In this paper, we investigate a largely extended version of classical MAB problem, called networked combinatorial bandit problems. In particular, we consider the setting of a decision maker over a networked bandits as follows: each time a combinatorial strategy, e.g., a group of arms, is chosen, and the decision maker receives a reward resulting from her strategy and also receives a side bonus resulting from that strategy for each arms neighbor. This is motivated by many real applications such as on-line social networks where friends can provide their feedback on shared content, therefore if we promote a product to a user, we can also collect feedback from her friends on that product.
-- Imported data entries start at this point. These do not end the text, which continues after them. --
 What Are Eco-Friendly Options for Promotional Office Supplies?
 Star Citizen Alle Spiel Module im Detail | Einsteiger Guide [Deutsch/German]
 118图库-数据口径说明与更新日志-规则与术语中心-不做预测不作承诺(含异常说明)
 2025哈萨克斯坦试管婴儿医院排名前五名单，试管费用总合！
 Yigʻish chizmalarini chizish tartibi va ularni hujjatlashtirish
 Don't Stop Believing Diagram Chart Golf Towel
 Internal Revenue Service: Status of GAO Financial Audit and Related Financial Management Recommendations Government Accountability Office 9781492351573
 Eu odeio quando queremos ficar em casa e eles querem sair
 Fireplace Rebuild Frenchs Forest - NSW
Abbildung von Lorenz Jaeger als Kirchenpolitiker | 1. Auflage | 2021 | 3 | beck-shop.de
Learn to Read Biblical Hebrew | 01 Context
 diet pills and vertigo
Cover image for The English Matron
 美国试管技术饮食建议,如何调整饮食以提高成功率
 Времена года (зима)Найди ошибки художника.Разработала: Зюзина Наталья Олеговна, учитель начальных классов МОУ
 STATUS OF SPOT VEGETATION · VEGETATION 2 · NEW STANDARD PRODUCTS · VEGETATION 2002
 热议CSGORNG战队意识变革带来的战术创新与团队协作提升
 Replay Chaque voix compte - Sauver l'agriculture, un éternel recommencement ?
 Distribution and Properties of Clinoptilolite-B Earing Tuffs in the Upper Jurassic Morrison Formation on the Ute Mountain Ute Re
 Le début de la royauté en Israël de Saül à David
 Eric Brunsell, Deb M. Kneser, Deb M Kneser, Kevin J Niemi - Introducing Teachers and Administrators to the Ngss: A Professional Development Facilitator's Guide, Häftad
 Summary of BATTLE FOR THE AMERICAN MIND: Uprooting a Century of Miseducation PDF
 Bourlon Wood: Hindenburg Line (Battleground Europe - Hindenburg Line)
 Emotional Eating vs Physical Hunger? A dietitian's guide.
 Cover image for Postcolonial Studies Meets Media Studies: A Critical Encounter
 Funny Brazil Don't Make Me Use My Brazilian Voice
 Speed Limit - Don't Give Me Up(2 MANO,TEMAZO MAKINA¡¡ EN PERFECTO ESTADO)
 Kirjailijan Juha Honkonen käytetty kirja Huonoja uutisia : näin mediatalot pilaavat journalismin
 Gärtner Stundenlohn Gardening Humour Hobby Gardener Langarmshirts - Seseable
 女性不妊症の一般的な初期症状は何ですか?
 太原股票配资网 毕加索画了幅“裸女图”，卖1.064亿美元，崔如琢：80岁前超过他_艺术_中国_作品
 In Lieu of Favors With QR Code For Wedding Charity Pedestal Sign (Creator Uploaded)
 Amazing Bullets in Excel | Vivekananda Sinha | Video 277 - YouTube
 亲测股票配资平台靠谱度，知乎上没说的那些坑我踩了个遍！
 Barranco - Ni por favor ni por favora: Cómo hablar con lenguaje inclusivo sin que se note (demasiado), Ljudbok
To this end, we consider two types of side bonus in this study: side observation and side reward. Upon the number of arms pulled at each time slot, we study two cases: single-play and combinatorial-play. Consequently, this leaves us four scenarios to investigate in the presence of side bonus: Single-play with Side Observation, Combinatorial-play with Side Observation, Single-play with Side Reward, and Combinatorial-play with Side Reward. For each case, we present and analyze a series of zero regret polices where the expect of regret over time approaches zero as time goes to infinity. Extensive simulations validate the effectiveness of our results.